- [EXERCISE DESCRIPTION]
Write out, from the entries below, exactly the lines that run between the lines holding "55 Road 5262b, Cleveland, TX 77327" and "Used 2025 Jeep Wrangler Sahara image 19", inclusive, and stop there.
[AVAILABLE DATA Boundary: Start]
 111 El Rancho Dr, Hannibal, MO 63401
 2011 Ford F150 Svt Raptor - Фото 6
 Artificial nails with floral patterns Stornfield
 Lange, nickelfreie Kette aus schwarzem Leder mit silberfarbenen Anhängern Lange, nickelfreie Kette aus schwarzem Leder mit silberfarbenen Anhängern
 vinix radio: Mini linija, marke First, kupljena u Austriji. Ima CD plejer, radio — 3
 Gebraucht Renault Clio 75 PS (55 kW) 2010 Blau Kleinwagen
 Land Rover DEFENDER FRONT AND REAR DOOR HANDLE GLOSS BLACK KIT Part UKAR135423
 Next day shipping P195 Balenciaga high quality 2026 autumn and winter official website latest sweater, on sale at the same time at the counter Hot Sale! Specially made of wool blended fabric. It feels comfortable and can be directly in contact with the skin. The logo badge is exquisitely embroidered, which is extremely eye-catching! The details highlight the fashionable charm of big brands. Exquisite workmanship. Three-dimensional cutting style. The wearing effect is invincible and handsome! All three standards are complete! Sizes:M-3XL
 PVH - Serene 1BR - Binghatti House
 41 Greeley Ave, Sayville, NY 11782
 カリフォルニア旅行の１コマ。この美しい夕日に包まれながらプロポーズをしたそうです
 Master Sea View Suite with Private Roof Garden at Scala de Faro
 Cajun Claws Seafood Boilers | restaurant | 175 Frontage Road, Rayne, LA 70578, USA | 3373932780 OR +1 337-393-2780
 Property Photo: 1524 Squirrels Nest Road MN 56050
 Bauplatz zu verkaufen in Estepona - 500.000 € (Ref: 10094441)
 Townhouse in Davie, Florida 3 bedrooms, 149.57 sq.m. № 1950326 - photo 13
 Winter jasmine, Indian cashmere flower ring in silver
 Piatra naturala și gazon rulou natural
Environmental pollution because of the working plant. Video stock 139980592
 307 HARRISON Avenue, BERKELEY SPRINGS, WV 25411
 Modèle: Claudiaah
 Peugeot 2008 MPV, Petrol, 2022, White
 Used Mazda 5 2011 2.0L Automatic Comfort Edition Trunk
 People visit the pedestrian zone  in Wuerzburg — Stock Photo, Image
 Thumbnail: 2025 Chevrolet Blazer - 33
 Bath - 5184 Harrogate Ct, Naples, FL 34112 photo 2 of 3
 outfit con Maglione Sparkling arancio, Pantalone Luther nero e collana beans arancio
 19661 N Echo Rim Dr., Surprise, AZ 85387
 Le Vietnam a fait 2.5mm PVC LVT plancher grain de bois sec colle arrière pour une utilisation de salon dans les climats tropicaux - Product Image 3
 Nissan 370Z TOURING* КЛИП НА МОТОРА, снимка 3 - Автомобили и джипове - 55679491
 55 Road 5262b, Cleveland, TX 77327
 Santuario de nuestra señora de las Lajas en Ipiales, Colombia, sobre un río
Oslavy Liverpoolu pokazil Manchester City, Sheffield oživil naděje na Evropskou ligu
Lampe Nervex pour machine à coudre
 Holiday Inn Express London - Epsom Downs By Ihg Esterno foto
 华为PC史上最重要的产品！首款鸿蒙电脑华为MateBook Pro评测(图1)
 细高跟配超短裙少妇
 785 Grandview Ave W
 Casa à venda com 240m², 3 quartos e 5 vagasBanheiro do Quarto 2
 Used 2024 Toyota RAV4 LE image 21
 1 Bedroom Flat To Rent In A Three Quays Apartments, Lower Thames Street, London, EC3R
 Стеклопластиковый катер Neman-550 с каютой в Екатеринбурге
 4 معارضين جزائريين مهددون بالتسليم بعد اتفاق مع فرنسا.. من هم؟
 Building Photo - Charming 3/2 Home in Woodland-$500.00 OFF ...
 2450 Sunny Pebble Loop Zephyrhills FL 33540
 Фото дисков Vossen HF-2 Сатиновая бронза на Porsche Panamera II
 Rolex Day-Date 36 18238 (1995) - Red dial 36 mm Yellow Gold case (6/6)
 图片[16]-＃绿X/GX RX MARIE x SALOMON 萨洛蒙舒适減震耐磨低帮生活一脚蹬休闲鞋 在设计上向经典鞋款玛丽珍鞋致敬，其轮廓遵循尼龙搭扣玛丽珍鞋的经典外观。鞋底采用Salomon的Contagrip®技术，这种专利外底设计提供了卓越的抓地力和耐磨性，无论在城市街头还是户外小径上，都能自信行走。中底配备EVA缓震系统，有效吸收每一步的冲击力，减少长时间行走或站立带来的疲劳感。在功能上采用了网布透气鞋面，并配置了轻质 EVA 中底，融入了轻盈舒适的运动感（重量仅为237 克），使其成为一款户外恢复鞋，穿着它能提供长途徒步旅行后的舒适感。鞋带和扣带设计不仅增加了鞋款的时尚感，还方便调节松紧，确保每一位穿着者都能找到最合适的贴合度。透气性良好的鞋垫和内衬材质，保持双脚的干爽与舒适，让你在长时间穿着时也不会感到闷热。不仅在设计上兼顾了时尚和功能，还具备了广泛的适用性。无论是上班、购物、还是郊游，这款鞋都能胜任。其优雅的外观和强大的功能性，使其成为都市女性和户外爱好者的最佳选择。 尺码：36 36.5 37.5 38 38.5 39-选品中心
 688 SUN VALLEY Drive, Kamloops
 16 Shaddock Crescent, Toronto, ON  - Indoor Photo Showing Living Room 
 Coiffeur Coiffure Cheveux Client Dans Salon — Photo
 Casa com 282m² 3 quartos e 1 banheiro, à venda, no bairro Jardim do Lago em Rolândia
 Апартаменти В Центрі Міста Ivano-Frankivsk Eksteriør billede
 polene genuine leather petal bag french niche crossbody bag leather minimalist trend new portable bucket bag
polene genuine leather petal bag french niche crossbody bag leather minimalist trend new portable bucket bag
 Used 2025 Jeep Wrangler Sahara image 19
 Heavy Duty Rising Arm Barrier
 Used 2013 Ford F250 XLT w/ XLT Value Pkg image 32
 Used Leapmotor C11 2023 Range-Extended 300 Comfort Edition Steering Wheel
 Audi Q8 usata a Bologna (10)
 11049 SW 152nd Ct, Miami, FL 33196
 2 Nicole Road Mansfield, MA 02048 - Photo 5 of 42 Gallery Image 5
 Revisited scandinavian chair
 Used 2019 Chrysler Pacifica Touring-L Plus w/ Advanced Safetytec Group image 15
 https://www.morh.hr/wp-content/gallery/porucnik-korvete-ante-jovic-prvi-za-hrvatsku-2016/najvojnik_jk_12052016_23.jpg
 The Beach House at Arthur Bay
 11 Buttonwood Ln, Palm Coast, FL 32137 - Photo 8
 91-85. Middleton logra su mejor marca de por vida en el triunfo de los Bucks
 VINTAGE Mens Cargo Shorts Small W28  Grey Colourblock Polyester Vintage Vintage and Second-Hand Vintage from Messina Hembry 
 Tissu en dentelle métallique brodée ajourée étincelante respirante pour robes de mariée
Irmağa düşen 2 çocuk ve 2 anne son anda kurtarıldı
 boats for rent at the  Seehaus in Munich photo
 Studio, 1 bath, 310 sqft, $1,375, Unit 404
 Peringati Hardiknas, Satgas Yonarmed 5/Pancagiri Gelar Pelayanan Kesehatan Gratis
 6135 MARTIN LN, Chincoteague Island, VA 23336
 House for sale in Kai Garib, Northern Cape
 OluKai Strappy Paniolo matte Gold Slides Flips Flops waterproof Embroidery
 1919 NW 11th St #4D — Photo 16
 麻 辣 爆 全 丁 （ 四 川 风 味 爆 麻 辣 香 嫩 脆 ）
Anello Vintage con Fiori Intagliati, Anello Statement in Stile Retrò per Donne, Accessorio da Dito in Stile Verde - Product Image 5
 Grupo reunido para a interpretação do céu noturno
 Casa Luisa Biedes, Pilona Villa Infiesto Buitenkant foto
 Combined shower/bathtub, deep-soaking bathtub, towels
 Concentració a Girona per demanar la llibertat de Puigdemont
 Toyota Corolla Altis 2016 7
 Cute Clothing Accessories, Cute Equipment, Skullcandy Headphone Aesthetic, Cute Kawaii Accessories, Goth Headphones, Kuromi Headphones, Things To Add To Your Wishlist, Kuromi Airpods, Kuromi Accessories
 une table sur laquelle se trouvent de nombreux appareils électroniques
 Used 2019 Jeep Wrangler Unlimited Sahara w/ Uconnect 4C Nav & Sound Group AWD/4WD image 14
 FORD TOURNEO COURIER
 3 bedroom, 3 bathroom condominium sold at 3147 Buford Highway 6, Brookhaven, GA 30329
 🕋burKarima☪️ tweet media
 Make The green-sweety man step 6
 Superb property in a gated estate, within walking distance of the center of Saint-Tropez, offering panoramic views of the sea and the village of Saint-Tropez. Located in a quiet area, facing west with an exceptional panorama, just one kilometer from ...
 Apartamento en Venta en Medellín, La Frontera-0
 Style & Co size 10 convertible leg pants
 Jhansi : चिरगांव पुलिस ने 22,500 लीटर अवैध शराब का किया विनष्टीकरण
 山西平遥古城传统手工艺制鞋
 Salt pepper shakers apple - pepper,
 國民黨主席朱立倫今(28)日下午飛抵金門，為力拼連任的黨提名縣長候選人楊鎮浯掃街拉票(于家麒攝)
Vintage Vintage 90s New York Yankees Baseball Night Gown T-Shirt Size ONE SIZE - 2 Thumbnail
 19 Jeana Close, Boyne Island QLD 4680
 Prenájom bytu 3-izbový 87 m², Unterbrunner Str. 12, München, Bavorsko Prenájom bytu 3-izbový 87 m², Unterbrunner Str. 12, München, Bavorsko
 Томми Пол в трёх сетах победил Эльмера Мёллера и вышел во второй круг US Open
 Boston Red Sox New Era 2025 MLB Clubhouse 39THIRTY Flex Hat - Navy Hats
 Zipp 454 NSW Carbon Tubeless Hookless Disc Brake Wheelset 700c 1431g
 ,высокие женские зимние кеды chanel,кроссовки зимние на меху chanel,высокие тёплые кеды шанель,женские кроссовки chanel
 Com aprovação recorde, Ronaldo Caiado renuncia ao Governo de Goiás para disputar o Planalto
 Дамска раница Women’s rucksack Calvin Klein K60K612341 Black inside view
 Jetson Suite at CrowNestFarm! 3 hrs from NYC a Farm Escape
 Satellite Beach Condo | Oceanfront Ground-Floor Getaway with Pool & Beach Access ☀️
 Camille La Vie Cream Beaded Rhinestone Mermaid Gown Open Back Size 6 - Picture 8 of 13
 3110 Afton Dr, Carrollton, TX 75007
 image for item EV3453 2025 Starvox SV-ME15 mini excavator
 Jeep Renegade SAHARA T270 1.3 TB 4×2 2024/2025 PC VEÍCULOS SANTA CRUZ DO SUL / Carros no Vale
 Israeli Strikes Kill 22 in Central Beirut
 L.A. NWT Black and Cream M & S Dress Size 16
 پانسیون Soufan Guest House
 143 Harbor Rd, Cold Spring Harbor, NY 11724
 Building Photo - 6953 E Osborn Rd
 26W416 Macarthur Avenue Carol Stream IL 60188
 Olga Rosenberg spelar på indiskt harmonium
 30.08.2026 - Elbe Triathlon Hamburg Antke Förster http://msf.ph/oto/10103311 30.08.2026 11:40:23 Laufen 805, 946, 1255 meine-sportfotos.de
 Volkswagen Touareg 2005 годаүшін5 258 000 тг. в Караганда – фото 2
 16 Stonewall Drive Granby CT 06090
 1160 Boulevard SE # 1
[AVAILABLE DATA Boundary: End]
- [ANSWER TO THE EXERCISE]
 55 Road 5262b, Cleveland, TX 77327
 Santuario de nuestra señora de las Lajas en Ipiales, Colombia, sobre un río
Oslavy Liverpoolu pokazil Manchester City, Sheffield oživil naděje na Evropskou ligu
Lampe Nervex pour machine à coudre
 Holiday Inn Express London - Epsom Downs By Ihg Esterno foto
 华为PC史上最重要的产品！首款鸿蒙电脑华为MateBook Pro评测(图1)
 细高跟配超短裙少妇
 785 Grandview Ave W
 Casa à venda com 240m², 3 quartos e 5 vagasBanheiro do Quarto 2
 Used 2024 Toyota RAV4 LE image 21
 1 Bedroom Flat To Rent In A Three Quays Apartments, Lower Thames Street, London, EC3R
 Стеклопластиковый катер Neman-550 с каютой в Екатеринбурге
 4 معارضين جزائريين مهددون بالتسليم بعد اتفاق مع فرنسا.. من هم؟
 Building Photo - Charming 3/2 Home in Woodland-$500.00 OFF ...
 2450 Sunny Pebble Loop Zephyrhills FL 33540
 Фото дисков Vossen HF-2 Сатиновая бронза на Porsche Panamera II
 Rolex Day-Date 36 18238 (1995) - Red dial 36 mm Yellow Gold case (6/6)
 图片[16]-＃绿X/GX RX MARIE x SALOMON 萨洛蒙舒适減震耐磨低帮生活一脚蹬休闲鞋 在设计上向经典鞋款玛丽珍鞋致敬，其轮廓遵循尼龙搭扣玛丽珍鞋的经典外观。鞋底采用Salomon的Contagrip®技术，这种专利外底设计提供了卓越的抓地力和耐磨性，无论在城市街头还是户外小径上，都能自信行走。中底配备EVA缓震系统，有效吸收每一步的冲击力，减少长时间行走或站立带来的疲劳感。在功能上采用了网布透气鞋面，并配置了轻质 EVA 中底，融入了轻盈舒适的运动感（重量仅为237 克），使其成为一款户外恢复鞋，穿着它能提供长途徒步旅行后的舒适感。鞋带和扣带设计不仅增加了鞋款的时尚感，还方便调节松紧，确保每一位穿着者都能找到最合适的贴合度。透气性良好的鞋垫和内衬材质，保持双脚的干爽与舒适，让你在长时间穿着时也不会感到闷热。不仅在设计上兼顾了时尚和功能，还具备了广泛的适用性。无论是上班、购物、还是郊游，这款鞋都能胜任。其优雅的外观和强大的功能性，使其成为都市女性和户外爱好者的最佳选择。 尺码：36 36.5 37.5 38 38.5 39-选品中心
 688 SUN VALLEY Drive, Kamloops
 16 Shaddock Crescent, Toronto, ON  - Indoor Photo Showing Living Room 
 Coiffeur Coiffure Cheveux Client Dans Salon — Photo
 Casa com 282m² 3 quartos e 1 banheiro, à venda, no bairro Jardim do Lago em Rolândia
 Апартаменти В Центрі Міста Ivano-Frankivsk Eksteriør billede
 polene genuine leather petal bag french niche crossbody bag leather minimalist trend new portable bucket bag
polene genuine leather petal bag french niche crossbody bag leather minimalist trend new portable bucket bag
 Used 2025 Jeep Wrangler Sahara image 19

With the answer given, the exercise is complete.